Last week I explained how the bladder works and correctly interacts with the pelvic floor. If you missed it, go check it out here. This week I’m talking about urinary leakage: who, what, when, where, and why.
Anyone can have urinary leakage or incontinence (UI). As many as 57% of middle-aged and postmenopausal women, 25% of young women, and 75% of women in nursing homes experience leaking.
The likelihood of leaking increases with successive vaginal births with a lower correlation following c-section. One study found that 28% of elite female athletes who had never had children experienced leakage, with 40% of those noting that the leakage started in high school.
Incontinence is any urine leaking at an undesired time.
The four types of urinary incontinence are stress incontinence, urge incontinence, mixed incontinence, and overflow incontinence. All of these result in urine leaking at undesirable times. This could be anything from a few drops to emptying the full bladder. Stress incontinence occurs with jumping, running, sneezing, and coughing. Urge incontinence is when leaking occurs with an urge to pee. The urge often has triggers such as running water, walking in the house, or being cold, but it does not have to be associated with these activities. Mixed incontinence is a combination of stress and urge incontinence. Overflow incontinence occurs when the bladder stores well but has difficulty emptying. The bladder will continue to store urine until it is so full that it can not expand any more and leaks. Picture this as a cup overflowing.
Urinary incontinence typically starts with body changes such as pregnancy and birth, menopause, weight gain, constipation, or for men prostate enlargement or cancer. Medical procedures such as surgery or radiation can cause changes that increase incontinence. One example for women is hysterectomy. Medications can affect the way the bladder and muscles function leading to leaking. Diuretics, antidepressants and antihistamines are only a few examples. Neurological changes due to Parkinson’s Disease, spinal cord or brain injuries, multiple sclerosis or diabetes will lead to urinary and bowel changes and often leaking if not proactively managed.

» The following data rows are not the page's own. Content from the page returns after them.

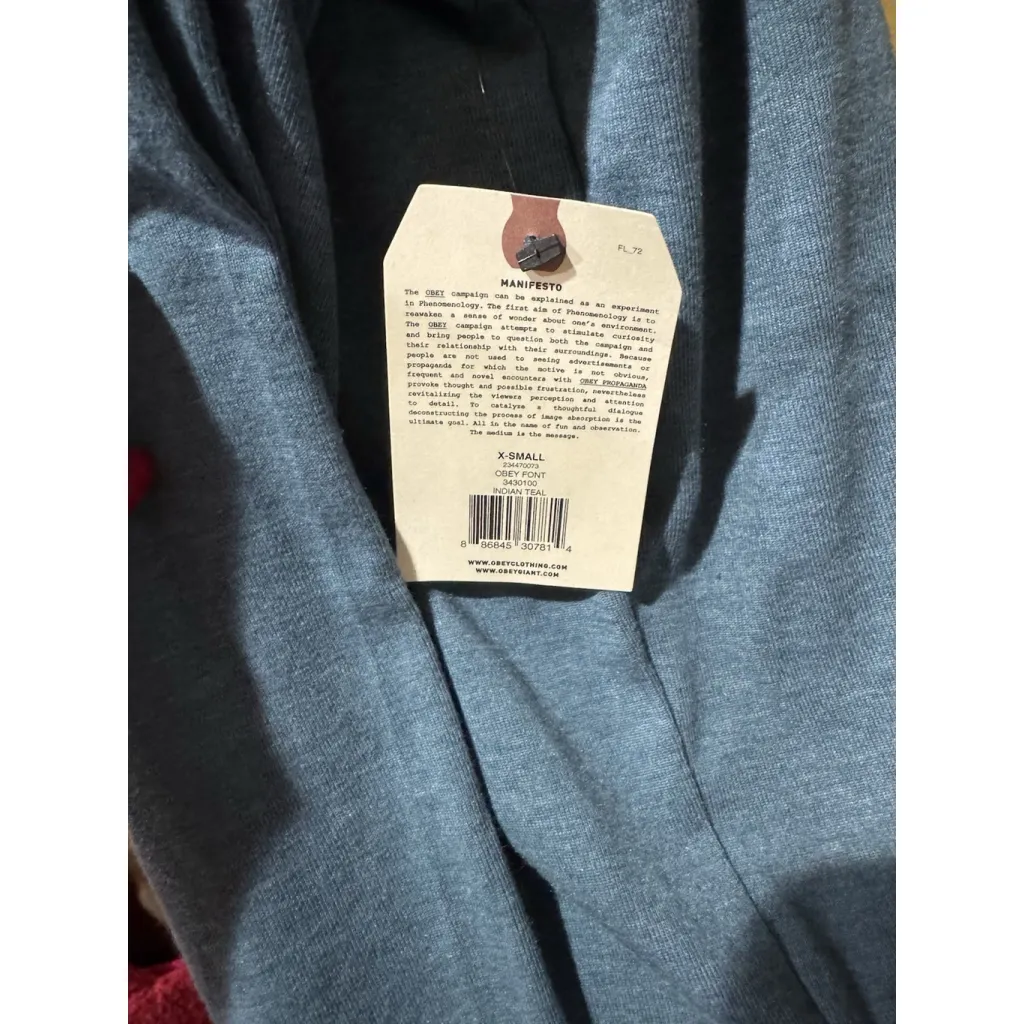 Obey Blue Long Sleeve Tee shirt NWT - Image 7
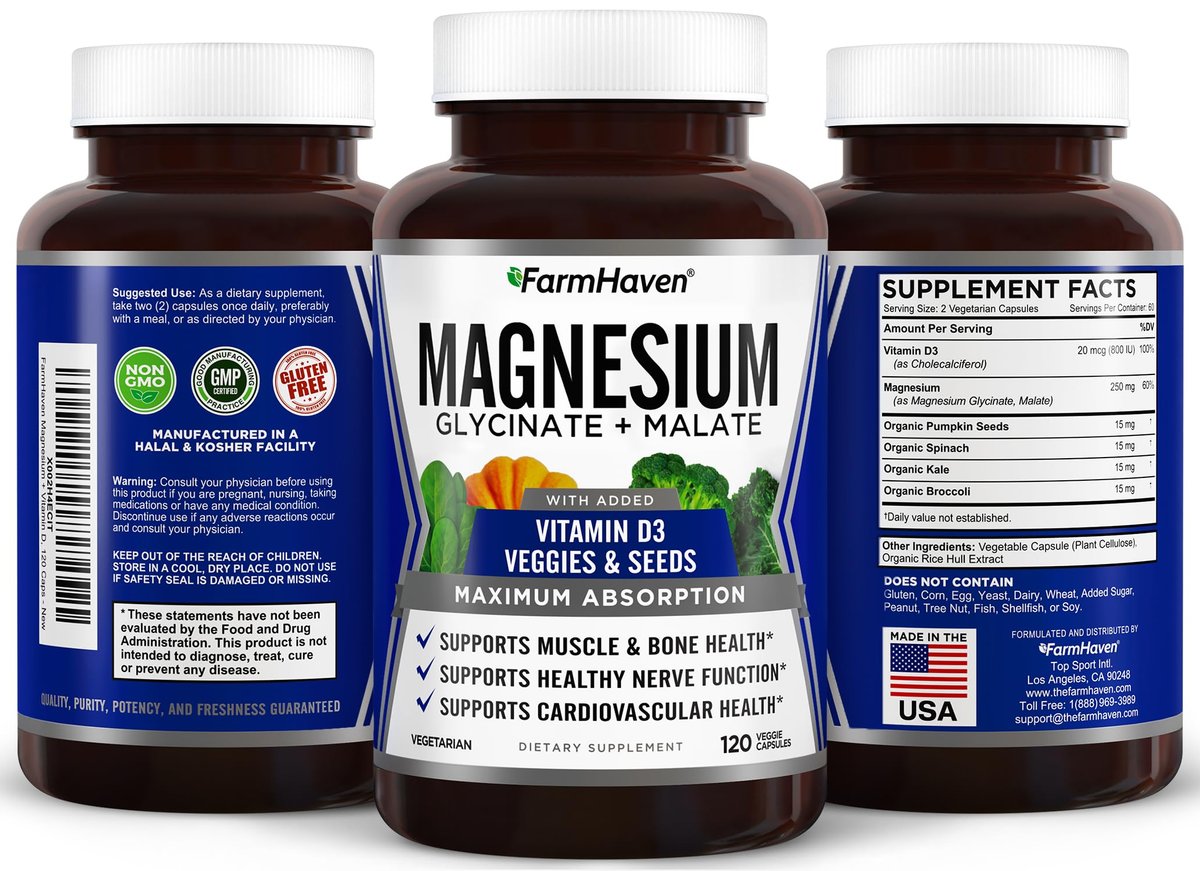 FarmHaven Magnesium Komplex – Magnesiumglycinat & Malat mit Vitamin D3, 100% cheliert für maximale Aufnahme, vegetarisch – für Knochengesundheit, Nerven, Muskeln, 120 Kapseln, 60 Tage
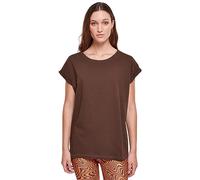Urban Classics Camiseta mujer de hombros amplios Marrón 100% algodón corte regular Talla S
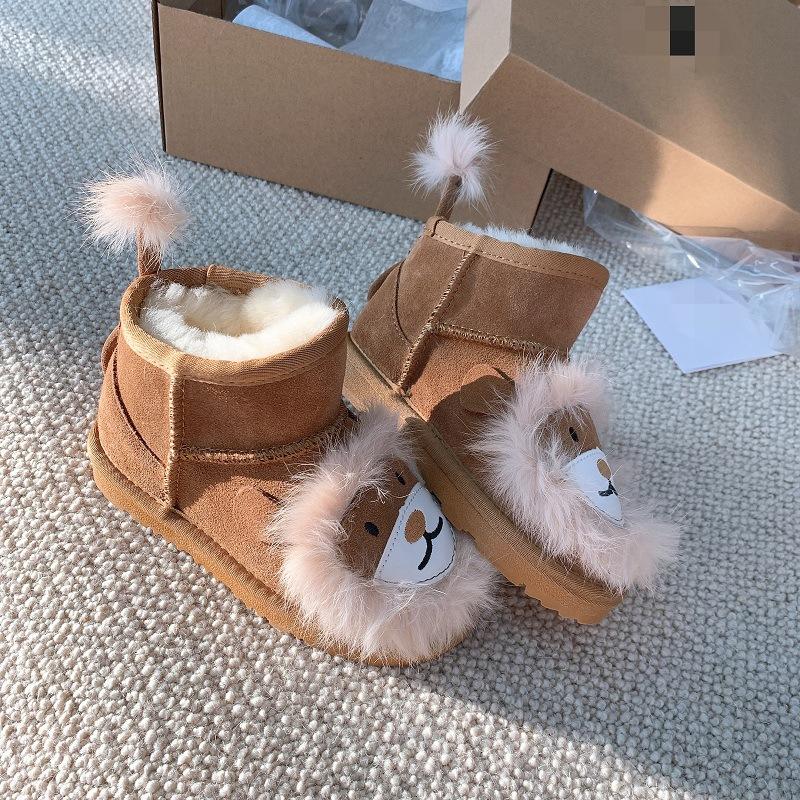 Genuine Leather and Fur Short Boots Little Lion Cartoon Snow Boots for Children Non-slip Warm Cotton Shoes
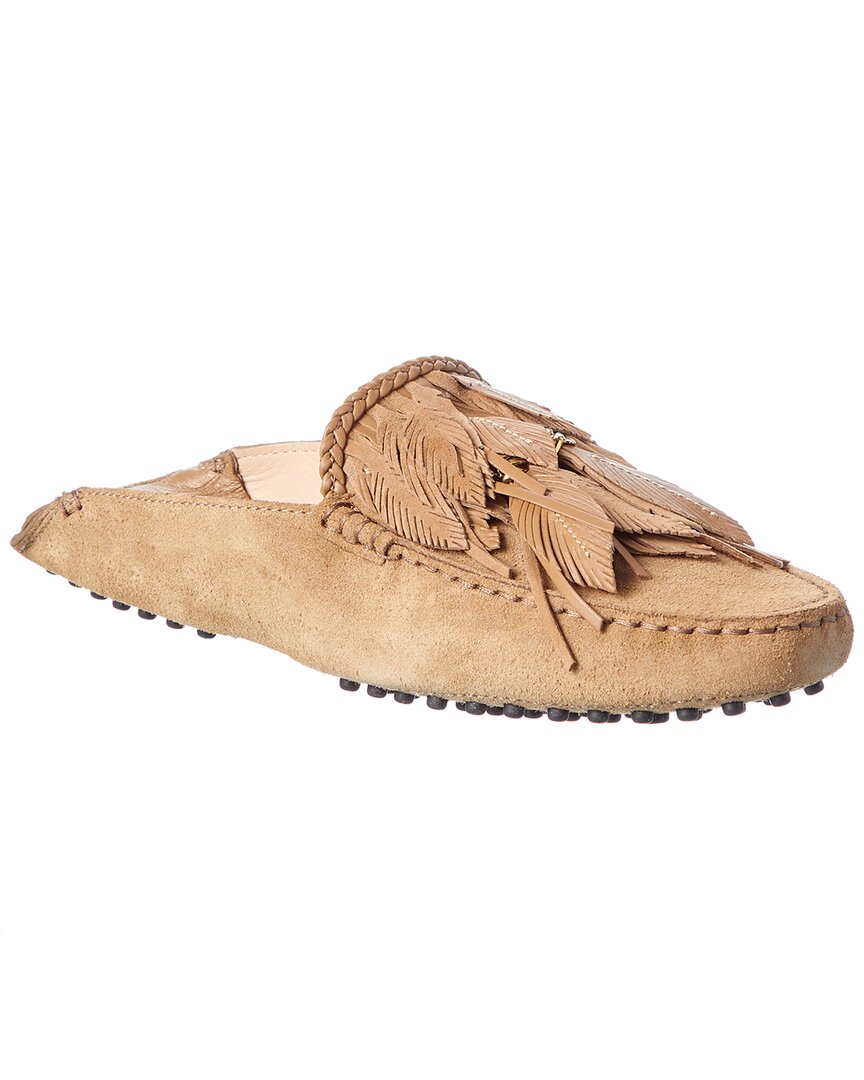 Shop Tod's Feather Suede Loafer In Brown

Down there, in your underwear. (Okay, "where" just went with the theme so I left the section in.)
The short answer… it depends on you. Why your leaking started could be something as simple a new medication with not so fun side effects! It could be that you had a vaginal birth and your body just hasn’t made a full recovery yet. A good provider will help you get to the answer to your "why" and get started with treatment.
Treatment options can include everything from activity and nutrition modification, exercise, medication changes and surgery. A pelvic health PT will discuss your medical history, current diet and exercise. They will ask you about bladder habits - how often do you leak, how much, when, how often do you go to the bathroom, and other questions. They will examine and assess your pelvic floor, abdominal and hip strength, coordination and functional activation. All of this information will be taken into account to determine the best plan of action for you! Treatment may consist of increasing water and pelvic floor coordination or it may be a handful of exercises focused on proper muscle coordination.
There is no "one size fits all" approach to urinary incontinence, and seeking out a good provider who looks at all the possible factors and you as a person can make the difference in your successful outcome.
To summarize: pelvic health physical therapy can help you recover quickly so you can get back to living your best life!